Töten Downloads wirklich die Musik Industrie? Oder war es doch wieder der Gärtner?

12 06 2009

Im Technology Blog des Guardian steht ein interessanter Artikel, der die Verluste der Musikindustrie auf die Umverteilung der Konsumentenausgaben hin zur Spieleindustrie zurück führt.

„Why does the music industry persist in saying that every download is a lost sale? If you even think about it, it can’t be true. People – even downloaders – only have a finite amount of money. In times gone by, sure, they would have been buying vinyl albums. But if you stopped them downloading, would they troop out to the shops and buy those songs?[…]

If we assume that there’s roughly the same amount of discretionary spending available […], then it’s clear who the culprit is: the games industry. By 2009, the amount spent in games and music is almost exactly the same as 1999″

Quelle: Guardian.co.uk

raubkopiererObwohl ich immer noch denke, dass der größte Feind der Musikindustrie die Musikindustrie selbst ist. Neben der stetig zunehmenden Schnelllebigkeit der Märkte, versucht man verbissen an alten Marketingmethoden festzuhalten und in hoher Frequenz den Kunden mit immer gleichen Plastikprodukten, welche die Lücken in dessen Lifestyle Obsession füllen sollen, zu bombadieren. Selbstverständlich auf Kosten der Qualität. Nahezu eine ganze Generation wird kriminalisiert, es wird sich quer gestellt gegen neue Modelle, gegen die Überholung des Urheberrechts, gegen faire Preispolitik gegenüber Kunde und Künstler und in den Lobbies wird stets an der großen Hexenjagd gegen die vermeintliche „Download Szene“ geschmiedet. Und da wundert sich noch jemand, dass die keinen exzessiven Zulauf mehr bekommen? Würde es nicht so viele uninformierte Konsumenten geben, hätten zumindest die Major Labels jetzt schon die Decke auf dem Kopf.
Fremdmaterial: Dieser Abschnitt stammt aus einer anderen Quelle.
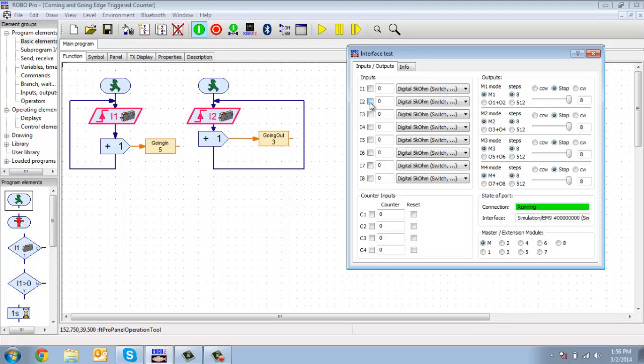So this is a much more elegant solution than the solution you used before. So this is the edge-triggered counter.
Kein unerheblicher Faktor in dieser Debatte wird das psychologische Prinzip der Reaktanz sein (Widerstandsreaktion auf Freiheitsentzug bzw. Freiheitseinengung). Hier wird starker psychischer Druck seitens Medien, Industrie und Politik auf einen Haufen Leute ausgeübt, nämlich potentielle Kunden und Wähler, indem man deren tägliche Handlungsabläufe reglementiert, kriminalisiert und verteufelt. Die entsprechende Reaktion ist die Rückgewinnung eben dieser Freiheiten durch vehementes beibehalten des Verhaltens. Es kann sogar bedeuten, dass Leute gerade wegen der Restriktionen anfangen dieses Verhalten an den Tag zu legen, vor allem dann, wenn der Druck von Leuten ausgeht, deren Alltagsrealität nichts mit diesen Dingen zu tun hat. Nicht nur das, oft wird ja sogar eine regelrechte Ignoranz und Feindlichkeit an den Tag gelegt, die leider meist in reiner Unwissenheit und der Unlust sich damit auseinander zu setzen wurzelt. Reaktantes Verhalten bedeutet auch oft eine Aufwertung des eliminierten Verhaltens, was im Umkehrschluss, bei einer Entschärfung der gegenwärtigen Gesetzgebung zu einer Nivellierung des Konsumverhaltens bzw. der Bewertung dessen kommen könnte.

Obwohl die Theorie der Reaktanz sehr umfangreich ist und hier sicher noch viel weiter geführt werden kann (wie in sehr vielen anderen Bereichen auch), ist das Fazit vergleichsweise schlicht: Wenn die Musikindustrie nicht bald anfängt mit Kunden und Künstlern innovativ zusammen zu arbeiten, wird sie in absehbarer Zeit verschwunden sein. Es sind neue Methoden im anmarsch, die den Mittelsmann eliminieren werden, denn wer will schon den Typen im Anzug erhalten, der allen auf der Tasche liegt, aber eigentlich nichts produktives mehr leistet?

Ja, ich schweife wieder ab, aber es macht mich stinksauer, weil wir um so vieles weiter sein könnten, wenn diese Bleigewichte von Ewiggestrigen nicht wären.

Vielleicht schreibe ich demnächst mal was Strukturiertes, wenn ich die Ruhe und die Muse dazu habe. Argh.